A note by Raghu Ananthanarayanan
The most satisfying event for me in 2020 was the offering that I conducted with the Krishnamacharya Yoga Mandiram called “Self And Its Transformation- According To The Yoga Sutra-s”. This was not only a dream realised, it was also a long pending debt that I owed Shri Desikachar, my guru.
In the mid 80’s I had started a project with Shri Desikachar and Prof Pulin Garg that was lying incomplete all these years. Prof Garg was fascinated with the concepts that I shared with him from the Yoga Sutra-s that resonated deeply with the way that he was looking at psychological transformation. So Prof Garg came down to Chennai (from Ahmedbad) and stayed with me for a couple of months and we started a dialogue with Shri Desikachar. The outcome of this dialogue was an ongoing project. In the dialogues it became evident that a 70 sutra-s that Shri Desikachar referred to as the core of the antaraṅga yoga sādhana and the theory that Prof Garg was building converged. We set out to explicate this convergence. However Prof Garg fell ill and we were not able to complete the book that we had set out to write.
This work however, has been the foundation for all my work in Yoga as well as in Leadership Development and Process Work. Almost 25 years later, when Mr. Madhavan Nambiar invited me to do some collaborative work with KYM, I proposed that we could complete the project. We formed a core group comprising of Dr Latha, Dr Jayaraman, Mr Sridharan, Anita and myself and reviewed the old manuscripts. We discussed each of the concepts in detail and brought in our current understanding as well as what we had learnt from Shri Desikachar and Yogacharya Krishnamacharya over the years. The document was then shared with a few researchers and academics in the field. Their feedback was incorporated and the first cut manuscript has been prepared. We then designed a Learning Dialogue where we shared the process of self-transformation as delineated in the Yoga Sutra-s with a few Yoga Teachers and teachers of Psychology. This dialogue was very well received. We are now in the process of finalizing the book and designing an offering based on this study.

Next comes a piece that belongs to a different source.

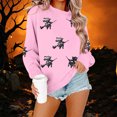 thumbnail image 4 of Womens Halloween Tops Printed Crew Neck Long Sleeve Elastic Hem Fashion Loose Fall Pullover Top Pink S, 4 of 6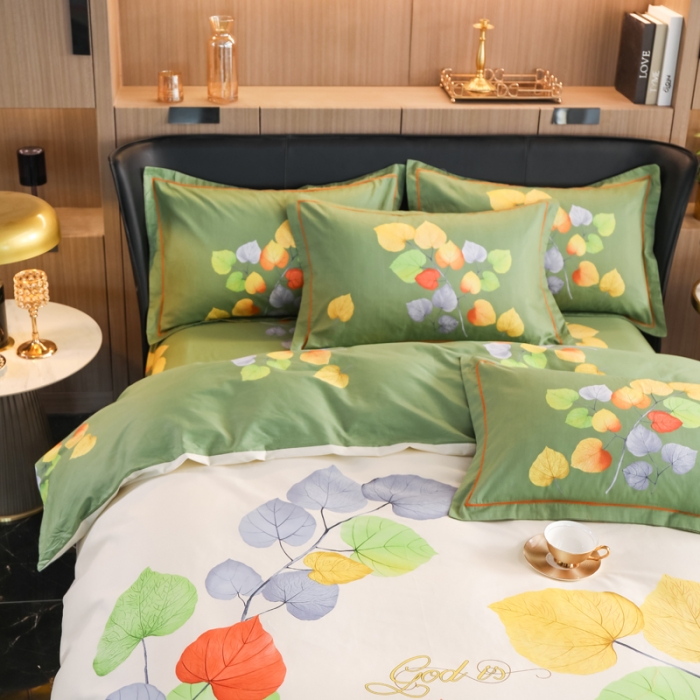 91家纺网 家纺一手货源 找家纺 雲归梦 2022新款全棉大版四件套 花卉花型 浅诺夏沐-白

One is supposed to work through three ṛṇa (debts) in one’s life. The first is towards one parents called pitṛ ṛṇa. This is repaid by serving them and raising one’s own family. I think I paid my dues here which, by the way, came with considerable financial burdens also!! The second is ācārya/ rshi ṛṇa, the debt one owes to one’s teachers. This is repaid by not only learning all that one can from the teacher, but also by living true to the teaching and passing it on to the next generation. With the completion of this project I feel that I have done my best here. My further teaching is a bonus! Then there is the deva ṛṇa– the debt one owes to all the forces of life that nurture us. I guess one will keep offering what one can to foster Nature even as one keeps taking from Her.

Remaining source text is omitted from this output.